The significant increase in the excretion of Na+ by M. balsamina may perhaps occur via the inhibition of increased proximal reabsorption of Na+ which is often seen in DM [26]. Kidneys maintain the optimum chemical composition of body fluids by removing Na+, K+, urea, albumin, and creatinine [27, 28]. The concentration of these electrolytes, however, was increased in the plasma of STZ-diabetic animals possibly due to sustained hyperglycaemia [28]. Treatment with M. balsamina, however, was shown to increase excretion of urea and albumin in STZ-diabetic rats possibly via the amelioration of hyperglycaemia.
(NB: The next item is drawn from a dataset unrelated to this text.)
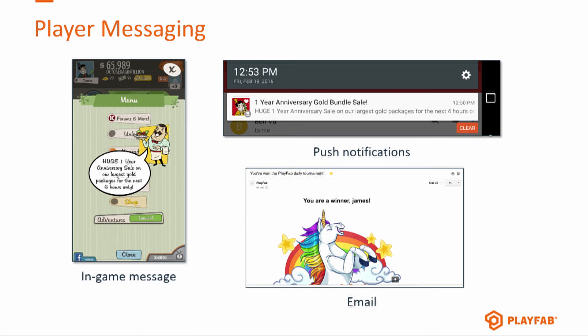For messaging to users, there are many systems within PlayFab — push notifications and email notifications that you can send via a scheduled task. There's also a message-of-the-day type system in the service so you can drive information about upcoming events. When people log into the game, they get the most recent published message-of-the-day messages, and you can present them to users however you like.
Studies have shown that improved glycaemic control is beneficial in improving kidney function [28].

Hyperglycaemia-induced oxidative stress in diabetes is a major cause for the development and progression of diabetic microvascular complications such as diabetic nephropathy [29]. In diabetes mellitus, hyperglycaemia can simply inactivate antioxidant enzymes such as SOD and GPx by glycating these proteins and inducing oxidative stress which in turn causes lipid peroxidation [30]. Decreased antioxidant enzyme levels and enhanced lipid peroxidation have been well documented in STZ-induced diabetes [31]. In the enzymatic antioxidant defence system, SOD is one of the important enzymes which scavenge the superoxide radicals by converting them to H2O2 and molecular oxygen [8, 30]. The observed decrease in SOD activity in diabetic control rats could result from inactivation by H2O2 or by glycosylation of the enzyme, which has been reported to occur in diabetes [30]. GPx is also involved in the elimination of H2O2 [32, 33]. The decreased activity of SOD and GPx in the diabetic state may be due to inactivation caused by reactive oxygen species. The results herein showed that elevated concentrations of MDA, a marker of lipid peroxidation, were restored after 5 weeks of treatment with M. balsamina. The reduction of MDA levels could be due to improvement in glycaemic control and also increased antioxidant status since M. balsamina significantly stimulated the increased activity of SOD and GPx. Medicinal plant extracts have been shown to have antioxidant properties due to their phytochemicals such as alkaloids, polyphenols, saponins, vitamins (C and E), carotenoids, and flavonoids [1315]. All these have protective roles against oxidative damage, thus preventing lipid peroxidation and protecting the kidneys from severe increases of reactive oxygen species and depletion of superoxide dismutase and reduced glutathione [15, 34, 35]. Studies in our laboratory have indeed shown that reduction of blood glucose may prevent oxidative stress and therefore delay the onset of diabetic complications [14, 15]. Taken together, these results suggest that M. balsamina protects the kidneys from damage that occurs in the STZ-induced diabetic animal model.

5. Conclusion

The results described in this study demonstrated that M. balsamina ameliorates kidney dysfunction associated with diabetes as shown by increased urinary Na+ outputs and reduction of plasma creatinine with concomitant increase in GFR. These observations warrant further investigations on M. balsamina as a potential alternative remedy for diabetes-associated kidney dysfunction.

Conflicts of Interest

The authors declare no conflict of interest, and the work has not been published elsewhere.

Acknowledgments

The authors are grateful to the Biomedical Research Unit, University of KwaZulu-Natal for the supply of animals. This study was partly funded by NRF South Africa and the University of KwaZulu-Natal, Research Division.